### [Exercise brief]
Exclude images, then output the remaining data verbatim.

### [Recorded data]
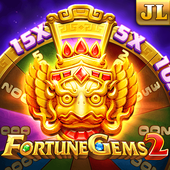 Fortune Gems 2 at ajjili games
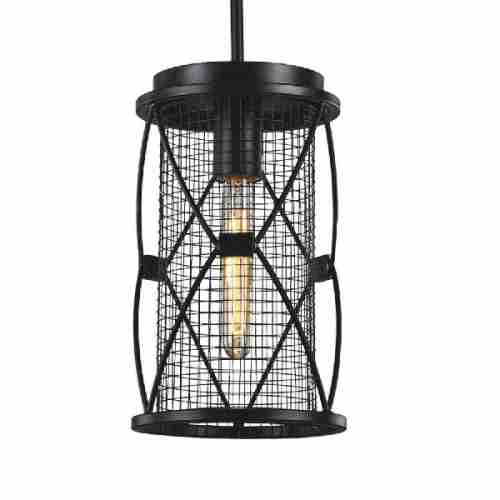 Подвесной светильник Favourite Mesh 1783-1P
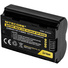 Nitecore NP-W235C FujiFilm 2400mAh Camera Battery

### [Written solution]
 Fortune Gems 2 at ajjili games
 Подвесной светильник Favourite Mesh 1783-1P
 Nitecore NP-W235C FujiFilm 2400mAh Camera Battery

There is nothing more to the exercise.